In 1909, the Liberal Party Chancellor of the Exchequer, David Lloyd George delivered his People's Budget. During his delivery he stated that;
"I cannot help hoping and believing that before this generation has passed away, we shall have advanced a great step towards that good time, when poverty, and the wretchedness and human degradation which always follows in its camp, will be as remote to the people of this country as the wolves which once infested its forests.”
One hundred and three years on from the People's Budget how close are we to seeing David Lloyd George’s "good time" when poverty will be remote to this country? Well in the previous century, Britain has developed a strong welfare state, built a National Health Service (NHS) and established progressive taxation, much on the foundations laid by Lloyd George. However despite these progressive achievements poverty still remains in 21st century Britain.
The United Kingdom is currently going through a period of harsh austerity measures. The nature or austerity means that it will naturally impact on the poorest and most vulnerable, especially when cuts are made to the welfare budget and to social services. The charity, Save the Children in its first ever UK appeal says that too many children in Britain today from poor families "are going without hot meals, new shoes and winter clothes" (http://www.guardian.co.uk/society/2012/sep/05/save-the-children-uk-campaign).
For most of the last few decades the poorest people in Britain have been suffering. This was long before the latest period of austerity. During this time Britain has seen both Conservative and Labour governments come in and out of power. Take my hometown of Blackpool in the mid-2000s for example, I had many school friends whose parents struggled with food bills and struggled to feed themselves and their children properly. Added to this, many of their parents couldn't afford new clothes and often had to put up with damaged and worn out shoes. Food and clothing are the very basics in life, and yet in the mid-2000s during what Labour would have you believe was an age of plenty, the poorest in our country still struggled to afford them. Many poor working class areas, most of which vote Labour have in many cases been abandoned by the tradition party of the working class.
In-order to tackle poverty we need a multi-pronged approach. An approach that includes a redistributive welfare state, free healthcare, a good education, tackling personal debt, tacking addiction and community engagement and local empowerment. I shall focus mostly on the last one of these prongs, community engagement and local empowerment.

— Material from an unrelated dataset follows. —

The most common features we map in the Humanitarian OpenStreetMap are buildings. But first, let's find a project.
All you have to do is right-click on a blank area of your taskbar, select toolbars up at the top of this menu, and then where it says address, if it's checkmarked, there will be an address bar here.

It is time for a truly localist route to tackling poverty. We must tackle poverty at its local grassroots. Firstly we need local authorities to be actively engaging with their poorest communities. This should include establishing community leaders that can work alongside the local council, local councillors, police officers, social workers, trade unions and local charities. This should establish an active and positive dialogue between communities and local authorities and charities. This community engagement should be used to recognise what the social issues are that prevent poverty from reducing. The community and local authorities should cooperate in addressing the social issues.

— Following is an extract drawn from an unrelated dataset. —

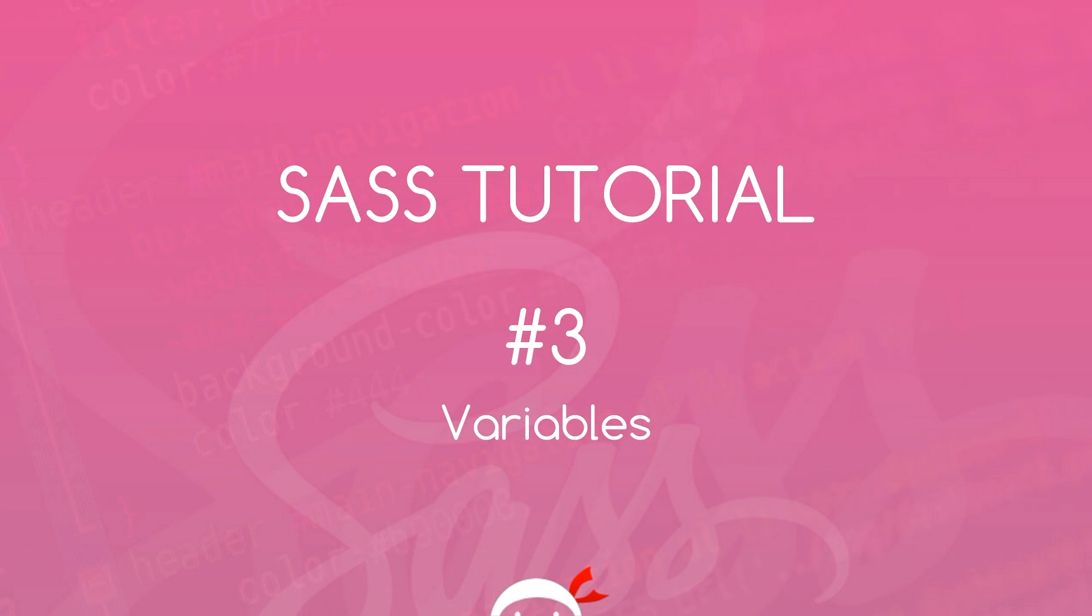Yo, what's up guys? Welcome to your third SAS tutorial and in this video we're going to talk about SAS variables.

Secondly, their needs to be an efficient targeting of resources at a local and community level. National government should devolve funding and recourses to local government specifically for tacking local poverty. Local councils should be able to target this funding at the poorest areas where it would be most effective at eradicating poverty. The funding should be directed according to what problems need to be tackled to reduce poverty and increase opportunity. This funding could be directly redistributed to the poor, used to improve underperforming schools, used to tackle alcohol and drug addiction or used to renovate poor areas and communities.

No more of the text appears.